Oh, I agree that the Unicore-using-ACs-in-EECs scenario has some logistical drawbacks for the Unicore callers, particularly when the caller is a user and not a static service/agent.
Another (better?) way of architecting a Unicore->EGEE bridge would be for the shared EGEE services to support the extraction of Unicore (equivalent-to-VOMS-ACs) SAML assertions from the SOAP message header. The attributes would carry the same semantic information as VOMS-ACs and, once distilled, could be wired up the the existing EGEE authz infrastructure. This is essentially a "receiver-makes-right" approach. (In the other direction, select Unicore endpoints could process and extract the VOMS information from ACs obtained from proxy certificates during SSL handshake, extract the VO membership information, and wire it up to their existing authz infrastructure.)

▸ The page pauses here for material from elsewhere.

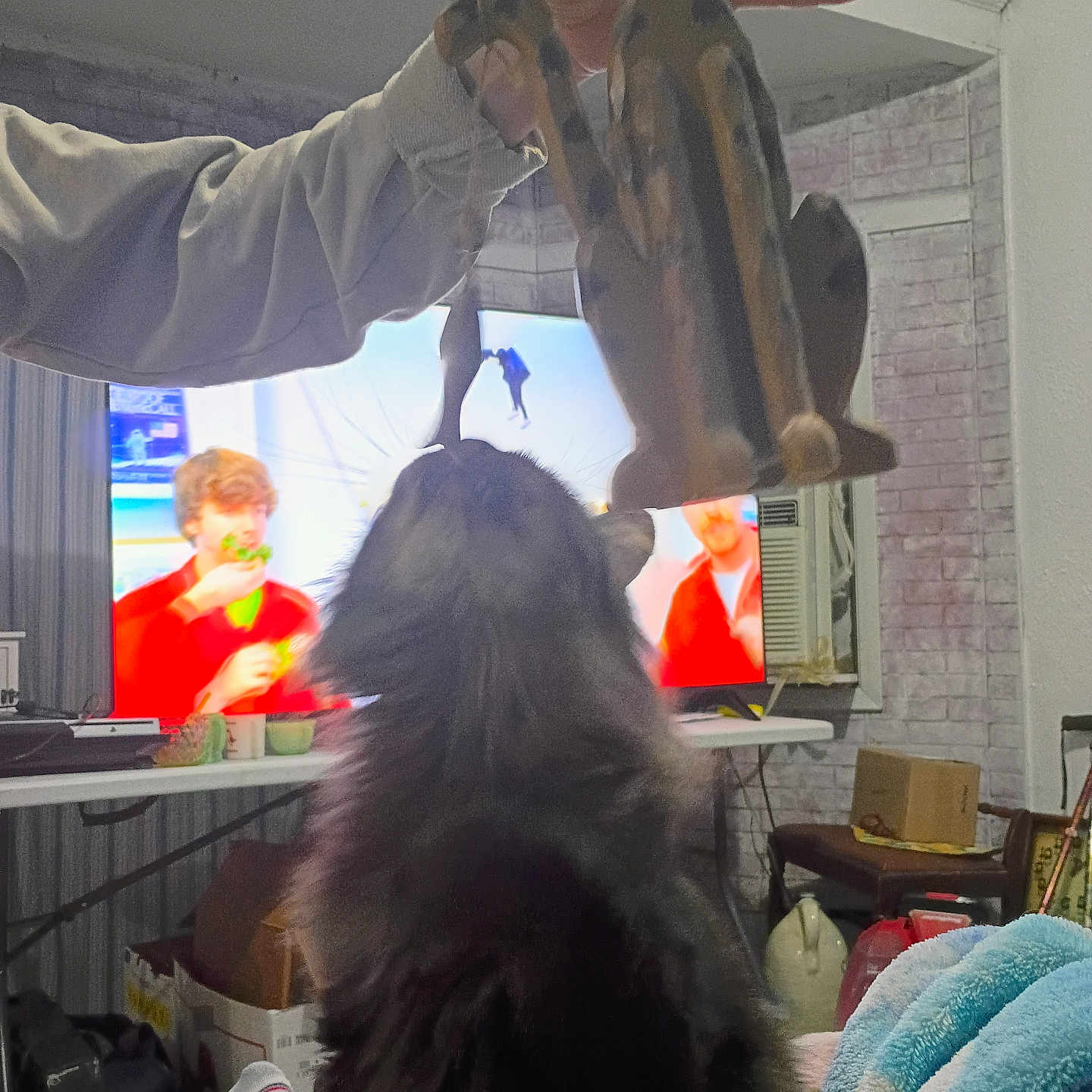 Bear Claw joined the competition — help win amazing prizes! air_conditioner, black_cat, blanket, box, cat, chair, couch, cozy, curtain, furniture, hand, indoor, living_room, person, pet, playful, table, television, toy, wooden_toy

Honestly, a "receiver-makes-right" approach to interop is the most sensible for two reasons:
- Not all endpoints in a mixed-grid environment need to interoperate: only the services that are intended for cross-grid sharing. A progressive roadmap to interoperability can save a huge amount of development/testing effort (e.g., no need to replace non-standard GSI-OpenSSH libraries everywhere; only in select endpoints advertised to other grids)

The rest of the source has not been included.